Office of the Vice President for Global Communications

Friday, January 27, 2012

University committed to correcting gaps in procedures

An internal review of how a report of a possible medical campus crime was handled has revealed gaps in university procedures that campus leaders are committed to correcting.

Preliminary findings from the review by University Audits indicate that a possible crime was first reported in May 2011 but not fully investigated until November 2011. The case was dismissed in May because of a lack of evidence.

When it was brought forward again in November, the case was fully investigated and evidence showed wrongdoing on the part of a U-M medical resident. The resident has since been charged with possession of child pornography and no longer is working in the Health System. There never was any indication of illegal of inappropriate behavior with patients.

Upon learning of this delay, President Mary Sue Coleman immediately asked for an internal review to determine how this occurred.
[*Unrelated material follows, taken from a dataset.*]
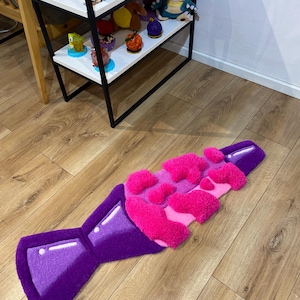 May include: A purple and pink rug shaped like a bottle of soda with a fizzy top. The rug is made of fluffy, textured material.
"The delay in reporting revealed gaps in our procedures and misunderstandings among employees that we are determined to correct," said university spokesperson Rick Fitzgerald.

"Managers are cooperating across several different offices in the university to better define reporting responsibilities for suspected criminal activity and to improve training and communication related to crime reporting and investigation."

The internal review still is being finalized, but some of the preliminary recommendations touch on areas such as communications, common procedures, joint training and clarified roles.

There were several factors that caused the case to be stalled after the first attempt at investigation:

• Primary evidence that had been seen on a thumb drive attached to a hospital computer disappeared between the time it was first seen and the next morning when Hospital Security went to retrieve it.

• There was not a clear line of responsibility for investigating the case. The Office of the General Counsel for the Health System ultimately took ownership of the case and determined there was not enough evidence to continue the investigation.

• Hospital Security did not log the case in the system shared with the Department of Public Safety. If that had been done, DPS would have seen that there was a possible crime to investigate.

• MCIT (Medical Center Information Technology) reviewed the computer internal logs where the thumb drive had been seen and was able to determine who had accessed the computer. However, MCIT does not have the technology or training to do forensic investigation of electronic devices and, therefore, was not able to retrieve other relevant information such as thumb drive access.

• There was confusion about the roles of Hospital Security and DPS. Hospital employees that reported the incident thought they were talking to police when they were talking with Hospital Security.

DPS and Hospital Security have strong policies and procedures for their individual departments, but weak communication protocols between the two departments. To correct that the university is exploring a number of things:

• Developing a common set of guidelines for reporting security incidents throughout the university.

• Consistent logging of all potential criminal activity in a reporting system that is shared by Hospital Security and DPS.

• Development of joint training exercises.

• Referring all computer forensic needs to DPS.